Qualified Charitable Distribution Rules: Despite the equivalence of a 100% charitable income tax deduction associated with a QCD, there are some strange rules that must be followed.
Age 70 ½: The IRA owner must actually be over age 70 ½ in order to make a qualified charitable distribution (QCD.) It is not just the year in which the donor turns age 70 ½. Example: Sandra turned 70 years old on March 15, 2019. Sandra cannot make any QCDs until September 15, 2019 (when she has actually turned age 70 ½.) Distributions from Sandra’s IRA prior to September 15, 2019 will not be qualified charitable distributions, even when all of the other QCD eligibility rules are satisfied.
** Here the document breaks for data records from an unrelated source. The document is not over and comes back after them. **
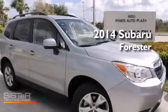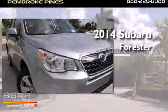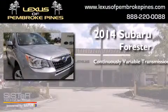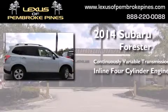This is a brand new 2014 Subaru Forester. This crossover has a continuously variable transmission and an inline four-cylinder engine.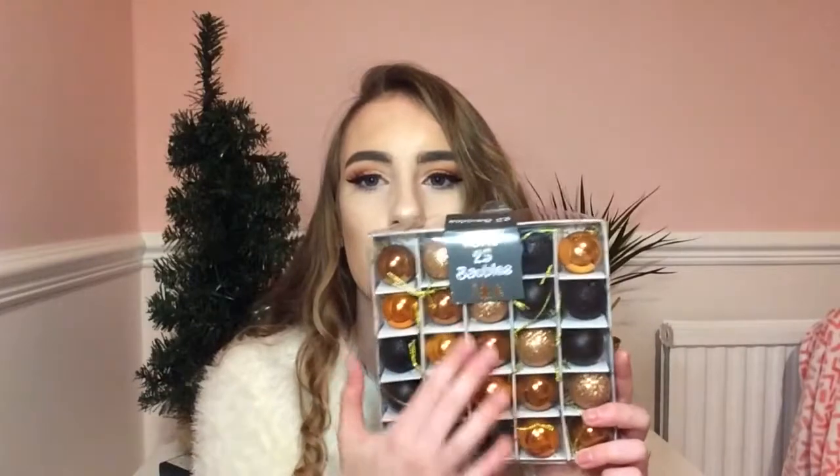I also got these ones which look kind of Halloween-themed, but I'm not going to use the black ones because I don't have any black in my room. I'm going to use the copper colours in here. Both packs together were £5.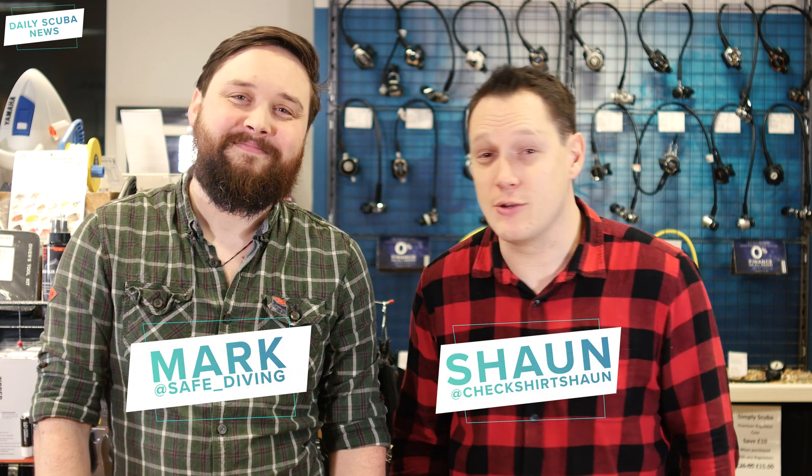Hey everyone and welcome to Daily Scuba News. Today's episode is sponsored by Divemaster Insurance, but more about them later.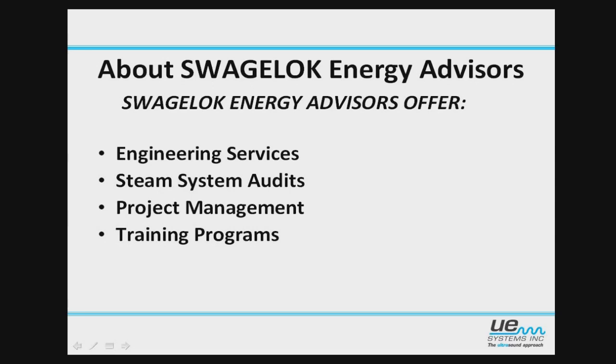A little bit about Swagelock Energy Advisors. They do engineering services. They do steam system audits. They do some project management, and they also offer an entire host of training programs.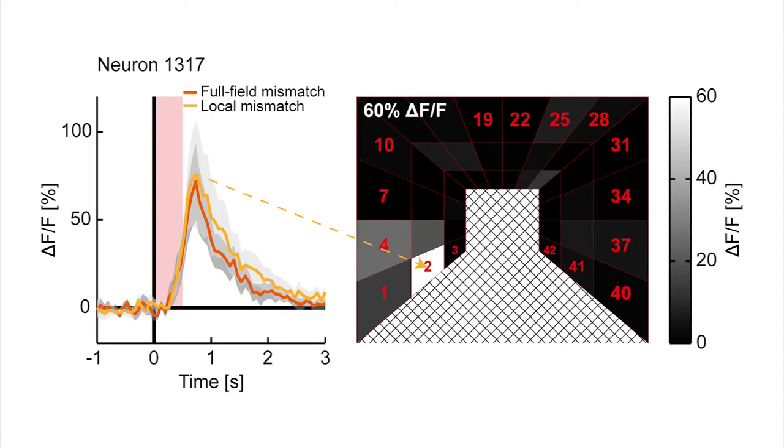We found a subpopulation of neurons that responded to both full field and local halts of visual flow, selectively when the mouse was self-generating visual flow. We refer to these neurons as mismatch neurons. Crucially, when we probed the responses of these neurons in an open-loop configuration — where the mouse passively observed the same visual stimuli — these neurons did not respond. The responses of these neurons were confined to small specific regions of the visual field, which we termed the mismatch receptive field.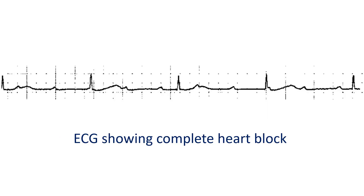This ECG shows complete heart block. There are regular P waves and QRS complexes, but the atrial rate is higher than the ventricular rate. There is no relation between P and QRS complexes, as evidenced by the variably varying PR intervals.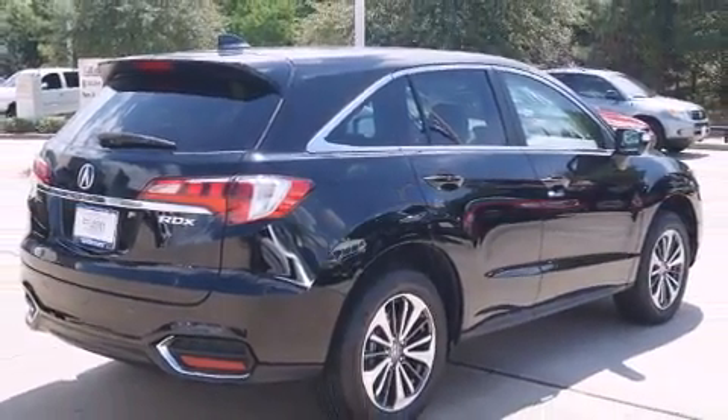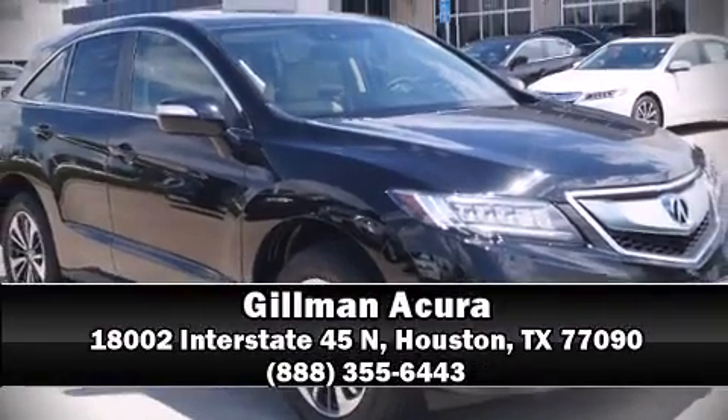Our team is professional and we offer a no-pressure environment. We are here to help you.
$100,000 Limit: A QCD can be used to offset an IRA owner’s required minimum distribution (RMD.) The IRA owner is not restricted by the RMD amount. Any amount, up to $100,000, can be the subject of a QCD. Example: Charlie, age 70 ½, has an RMD of $36,000 in 2019. Charlie can still make QCDs to qualified charities up to $100,000 from his IRA in 2019.
Spouses are Treated Separately: Spouses, if over the age 70 ½, can each avail themselves of the QCD in the same calendar year. Example: Dan and Rosanne, each over the age 70 ½, must take RMDs from their IRAs. Rosanne’s RMD from her IRA is $8,000, while Dan’s RMD is $36,000 from his $1.1 million IRA. Dan and Rosanne each can make a $100,000 from their respective IRAs. However, they cannot make the full $200,000 in QCD’s solely from Dan’s much larger IRA, i.e. no more than $100,000 can be QCD’s from Dan’s IRA for the year. Restated, Rosanne cannot make a larger QCD using the assets held in Dan’s IRA.
Prior Year RMDs: A QCD can also be used to offset a missed RMD from a prior year. Example: Tom inherited an IRA from his mother when he was age 67. Tom has an RMD obligation from that inherited IRA. Tom fails to take his RMD from his inherited IRA. Four years later, now at age 72, Tom takes his missed RMD from the inherited IRA. All RMDs are taxable in the year that they are taken. Tom can offset all of his RMDs (including the late RMD) with QCD’s, up to the annual QCD dollar limit of $100,000.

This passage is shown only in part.